Walter Brueggemann on the Eucharist as alternative, dangerous bread.
What if Christians began to notice that certain kinds of bread enslave and are the bread of affliction? The most elemental faith decision we make concerns who feeds the body, and if the truth be told we are in various ways into 'eating disorders' of a theological kind. We must reflect on bread and alternative bread. We may begin our reflections with the Eucharist, the relentless enactment of our conviction that only broken bread feeds, only poured out wine contains the power of new life. But we daily resist the brokenness and refuse the poured-out-ness. We have become victims of junk food, the junk of social ideology, the attractiveness of consumerism, the killing seductions of security and despair; we are domesticated, silenced in our satiation. We scarcely notice that all these ersatz bakers have made promises they cannot keep.

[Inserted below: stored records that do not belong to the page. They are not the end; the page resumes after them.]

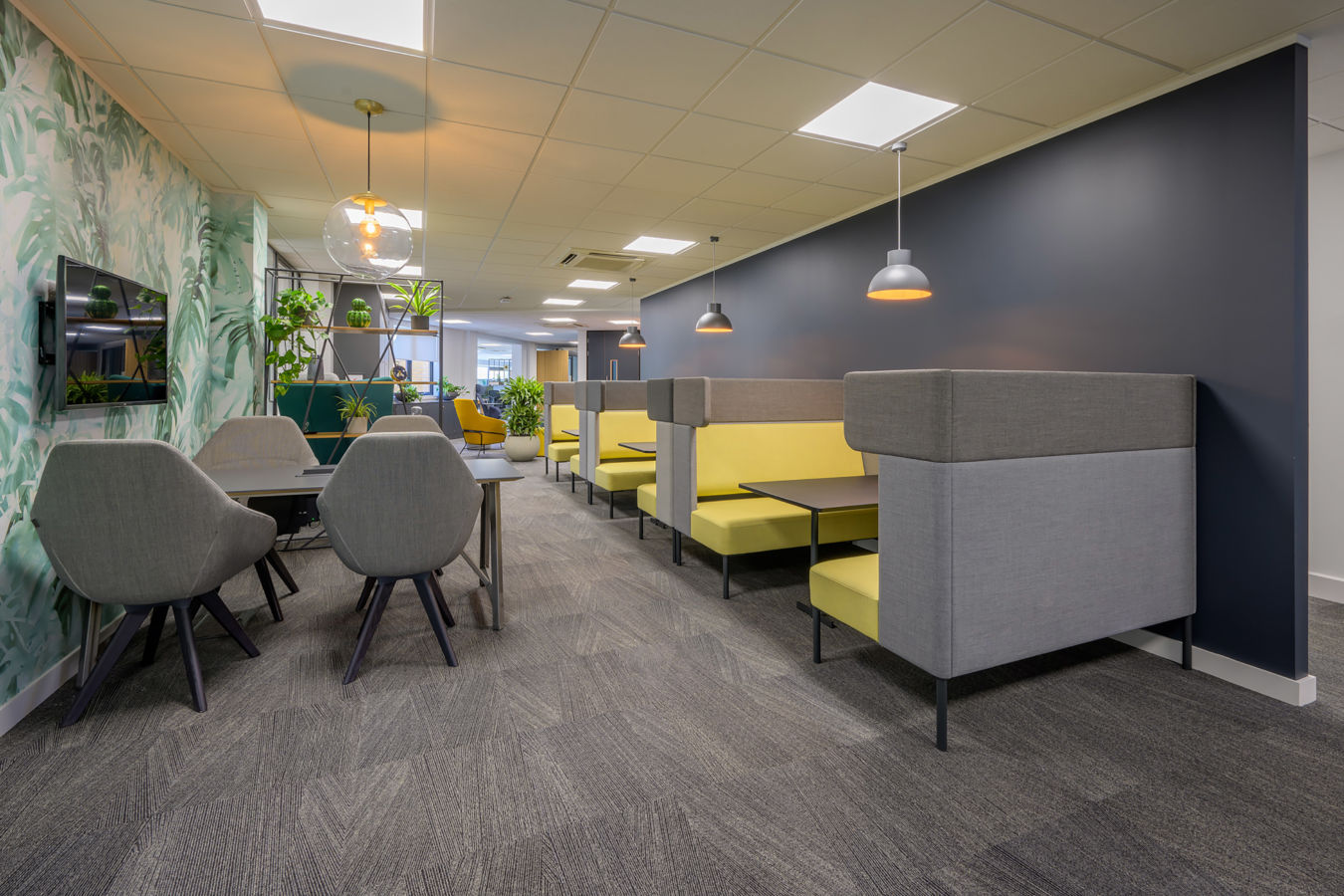 Modern office lounge with gray and yellow booth seating, leafy wallpaper, and pendant lighting. Grey chairs and a wall-mounted TV add sophistication.
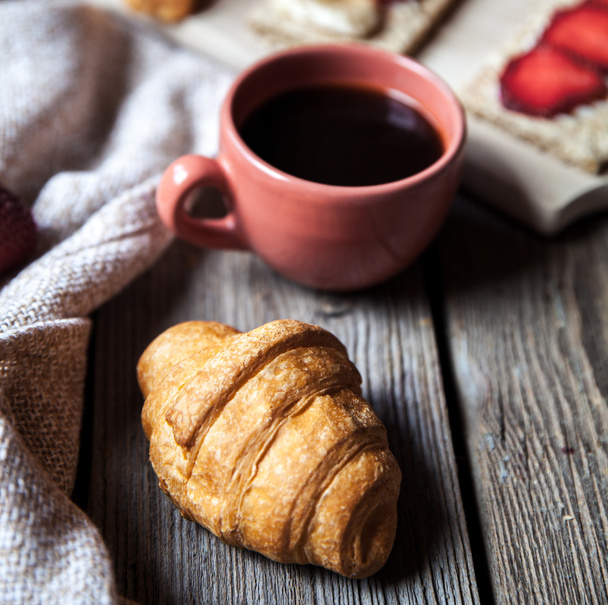 delicious breakfast with a cup of coffee and fruit sandwiches, croissants. Strawberries, food, drink, chocolate. - Foto, imagen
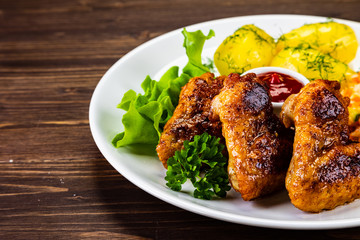 Fried chicken wings with boiled potatoes and vegetable salad on wooden board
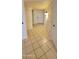 Hallway featuring tile floors that extend into other rooms at 17056 N 107Th Ave, Sun City, AZ 85373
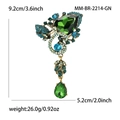 Spilla a goccia vintage con strass verdi e cristalli blu su base in lega dorata - Verde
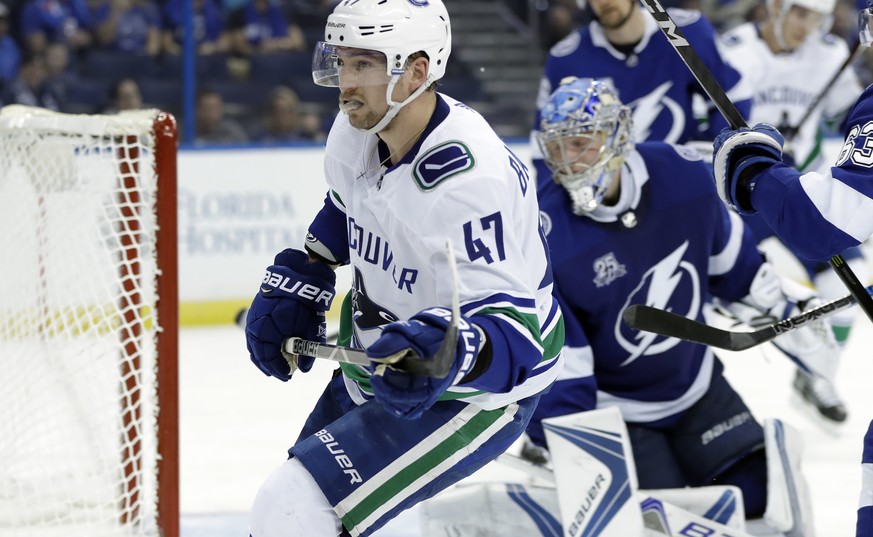 Vancouver Canucks left wing Sven Baertschi (47) celebrates after scoring past Tampa Bay Lightning goaltender Andrei Vasilevskiy (88) during the third period of an NHL hockey game Thursday, Feb. 8, 201 ...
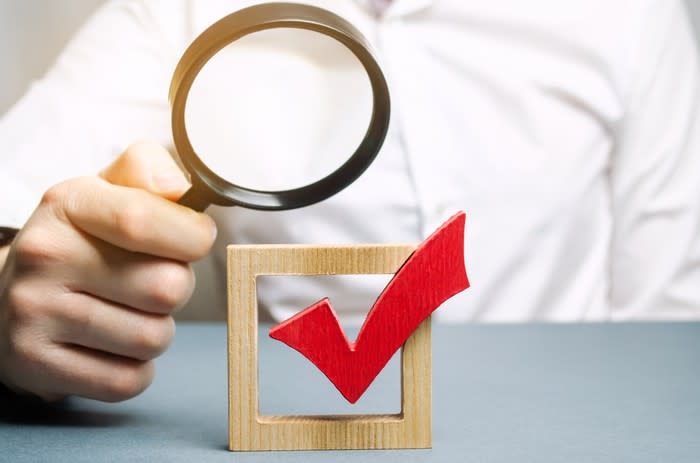 A person looking at a wooden sculpture of a checkmark in a box through a magnifying glass.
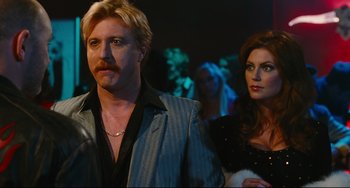 Movie still from “Hot Tub Time Machine” (2010), directed by Steve Pink – A man and a woman standing next to each other; Close Up shot, Over the shoulder angle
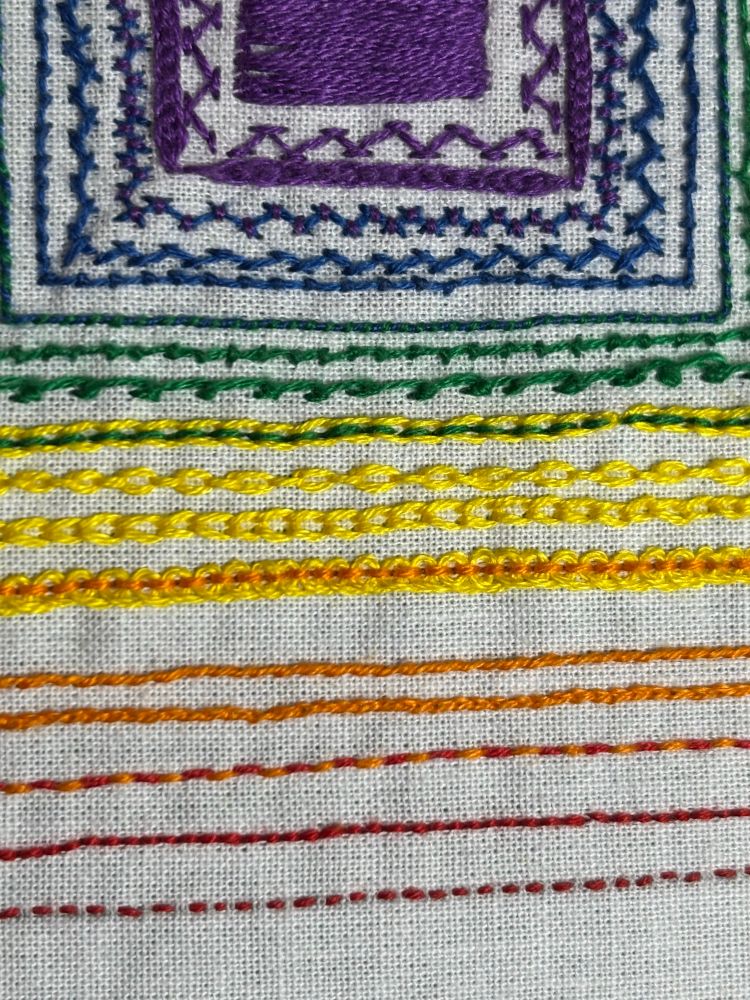 A close up photo of the sampler showing the individual lines of stitches. From bottom to top: Running Stitch and Backstitch in red, Holbein Stitch in red and orange, Split Stitch and Outline Stitch in orange, Pekinese Stitch in orange and yellow, Chain Stitch and Cable Chain Stitch in yellow, Backstitched Chain Stitch in yellow and green, Scroll Stitch & Pearl Stitch in green, Whipped Backstitch in green and blue, Coral Stitch and Herringbone Stitch in blue, Tied Herringbone Stitch in blue and purple, and Hungarian Braided Chain Stitch, Chevron Stitch, and Satin Stitch in purple.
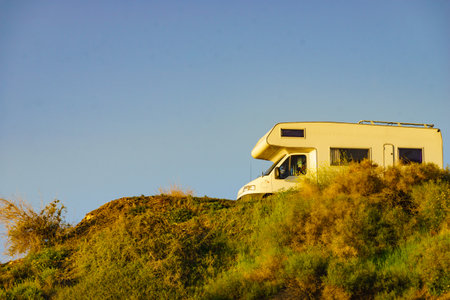 Camping on sea shore. Camper vehicle on cliff, mediterranean coast in Spain.の写真素材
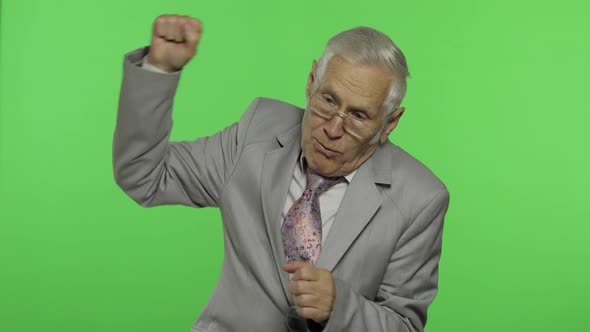 Elderly Businessman in Suit Something Emotionally Tells and Laughing. Chroma Key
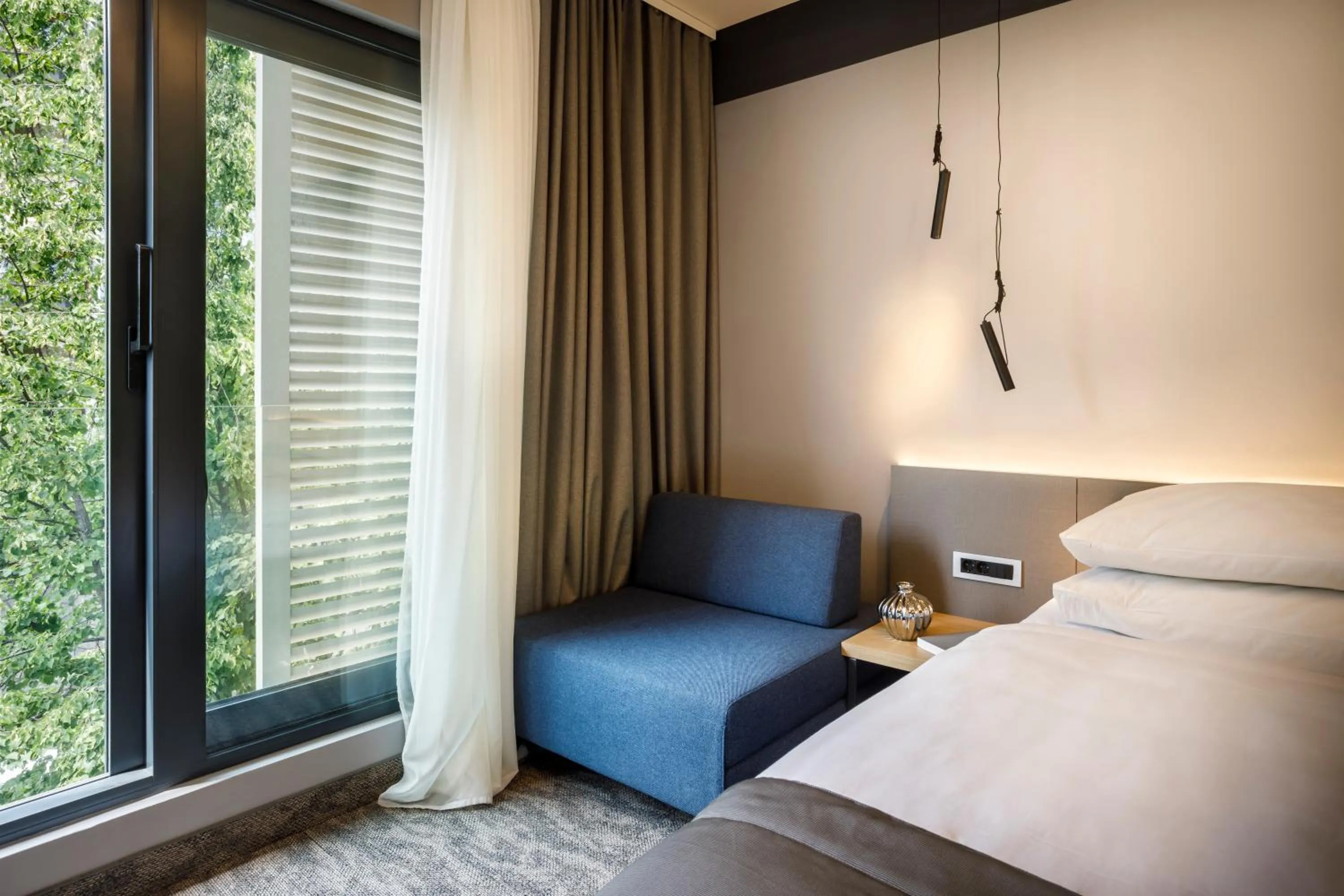 Seating area, Bed in Hotel Istra - Liburnia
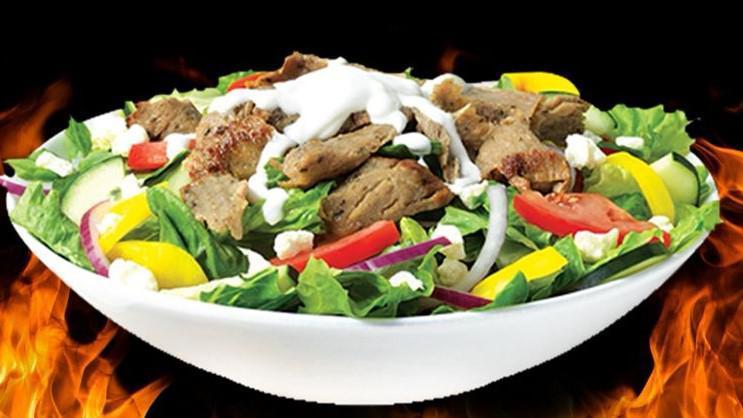 Gyro Salad · Slow roasted spiced meat served over our house salad; lettuce, tomato, onion. Served with voice of balsamic or ranch dressing.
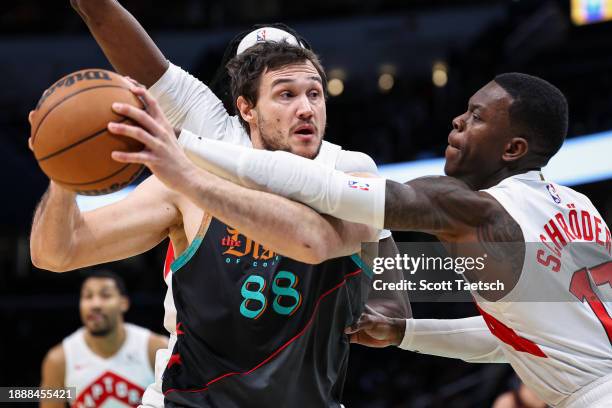 Danilo Gallinari of the Washington Wizards fights for the ball against Dennis Schroder of the Toronto Raptors during the first half at Capital One...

What freedom there would be for us exiles if we left off the dominant hopes of our society, if we refused the dominant fears all around us, if we ate bread that hopes only evangelical possibility and that fears only the truth of God's faithfulness, utterly free of every other hope and every other fear! The problem, of course, is that we mostly eat imperial bread and do not notice its costs, that we wind up belonging and being owned, denied freedom for obedience. There will not be genuine freedom until, having new bread, we refuse the offer of Pharaoh's tasty bread. The new bread is, however, happening among us. We are seeing that we have neglected gospel bread and opted for imperial bread; we are left with the deep eating disorder of isolation, despair, and anxiety. The Eucharist is dangerous bread, as that dramatic act mediates to us a fresh way in the world now under the rule of God.
Walter Brueggemann, Cadences of Home: Preaching among Exiles (WJK, 1997), p.131.